Task brief: Exactly as they appear, copy the lines from the one holding "So'Bio Étic Douche" through the end of the records, leaving pictures out.

(Data shown Opens)

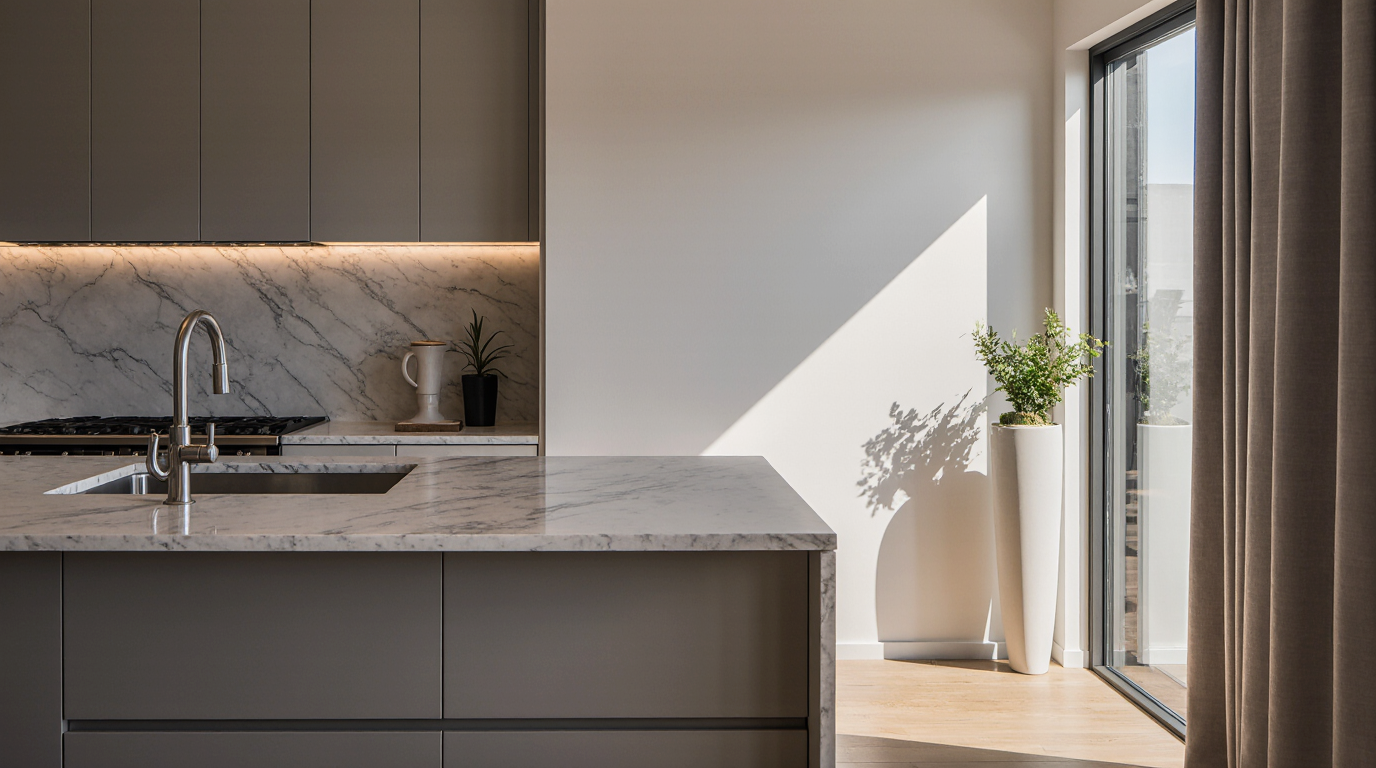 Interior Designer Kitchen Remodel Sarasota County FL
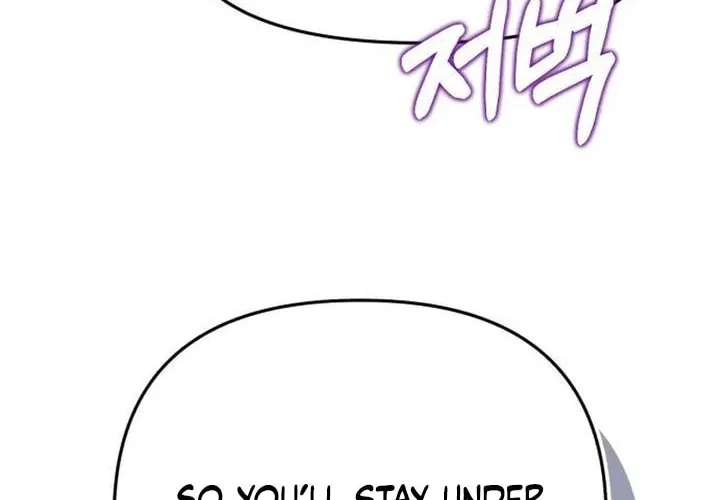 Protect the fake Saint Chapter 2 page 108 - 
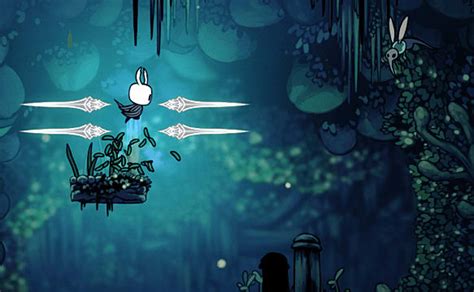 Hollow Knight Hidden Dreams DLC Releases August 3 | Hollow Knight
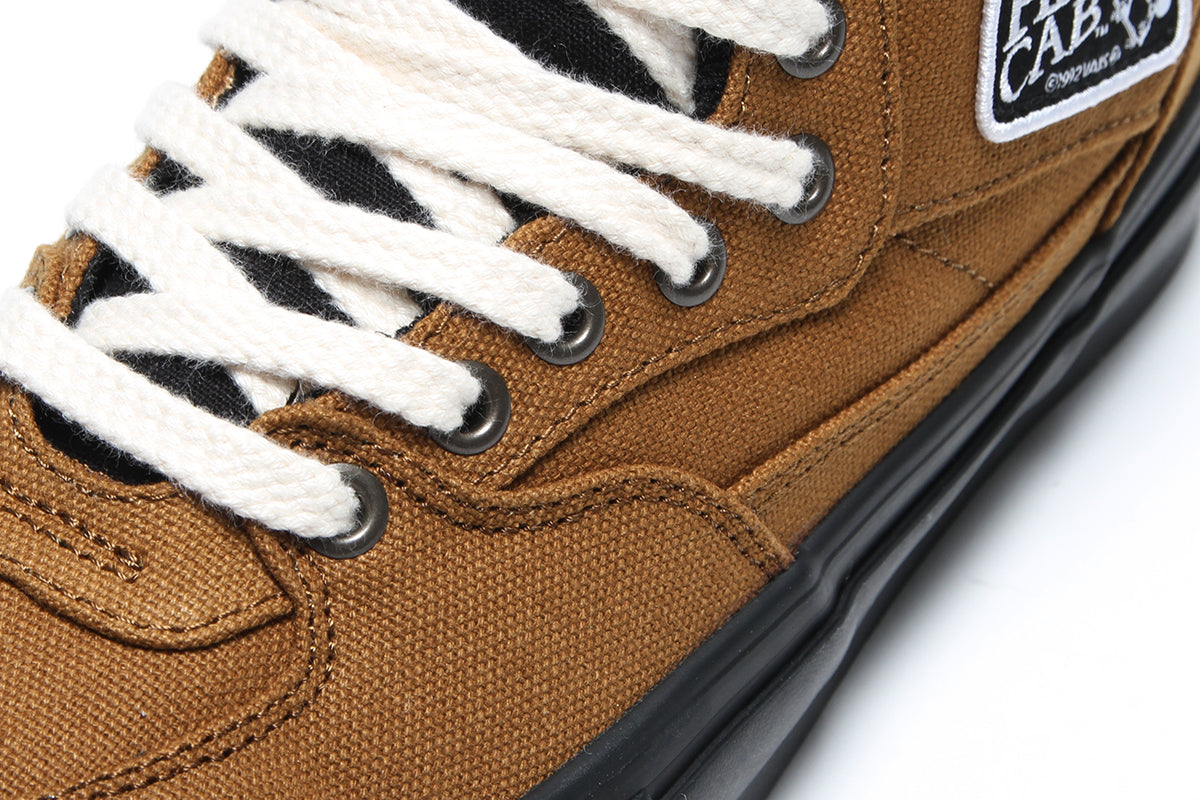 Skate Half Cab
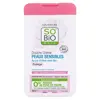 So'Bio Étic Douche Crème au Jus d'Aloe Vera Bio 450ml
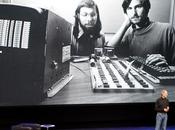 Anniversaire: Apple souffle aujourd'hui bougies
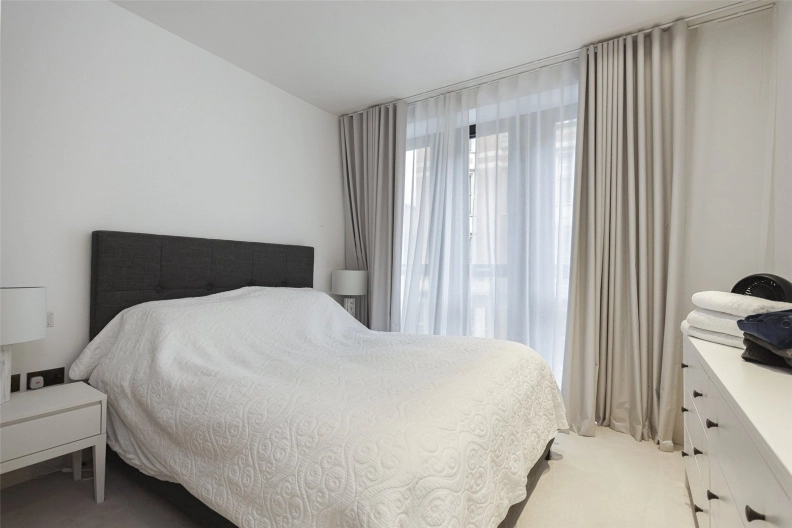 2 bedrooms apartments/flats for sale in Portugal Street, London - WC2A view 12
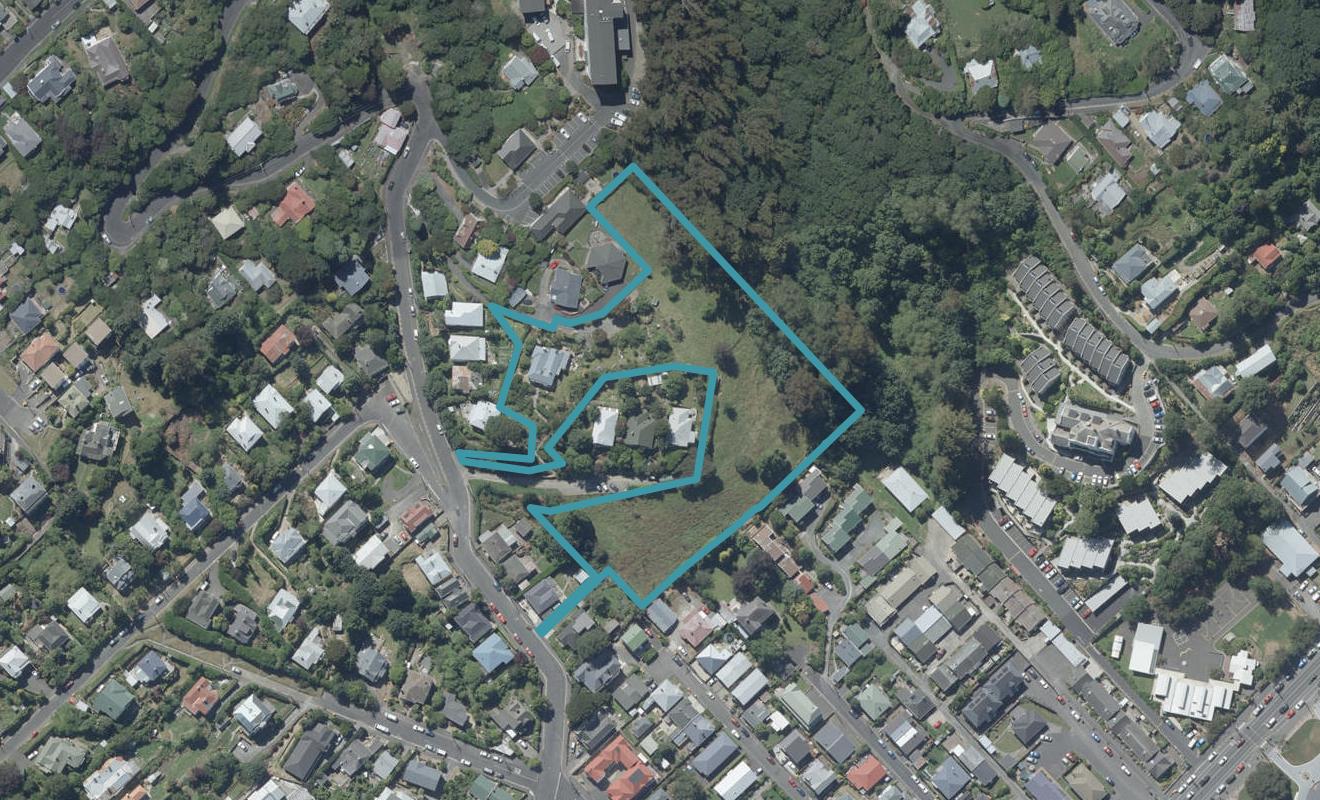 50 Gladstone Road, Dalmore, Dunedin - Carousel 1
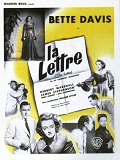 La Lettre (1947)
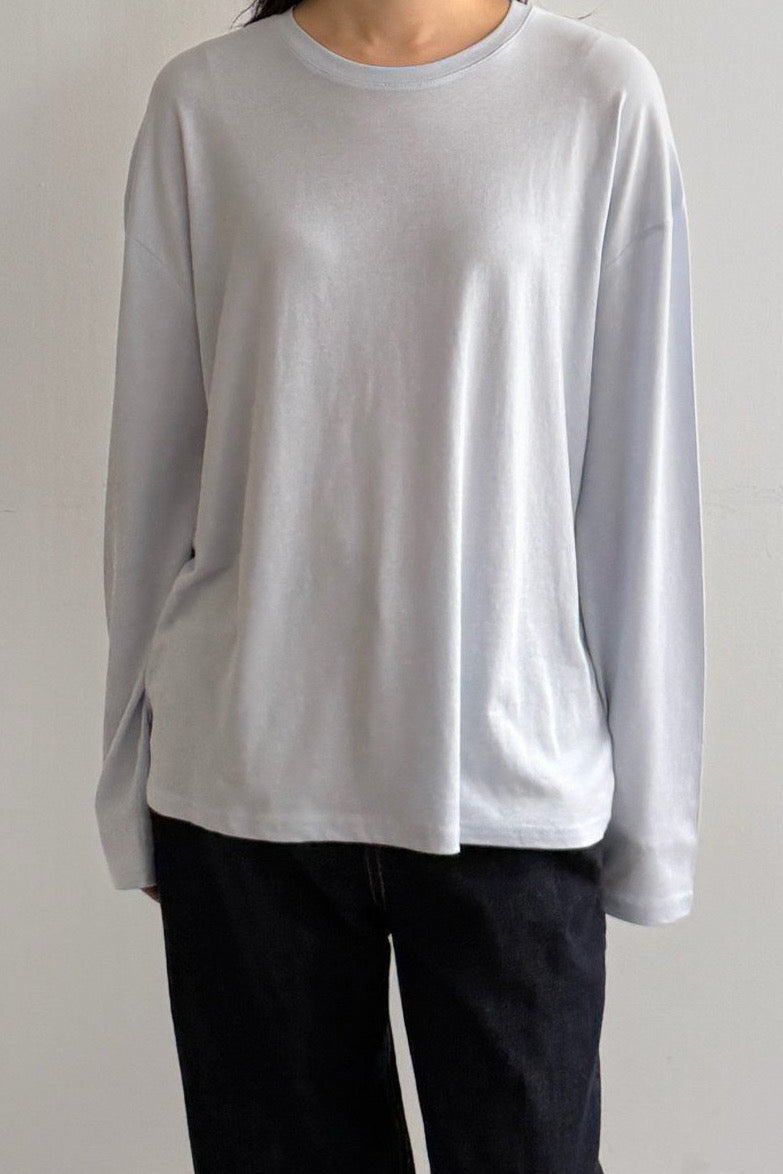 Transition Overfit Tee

(Data shown Closes)

Completed exercise:
 So'Bio Étic Douche Crème au Jus d'Aloe Vera Bio 450ml
 Anniversaire: Apple souffle aujourd'hui bougies
 2 bedrooms apartments/flats for sale in Portugal Street, London - WC2A view 12
 50 Gladstone Road, Dalmore, Dunedin - Carousel 1
 La Lettre (1947)
 Transition Overfit Tee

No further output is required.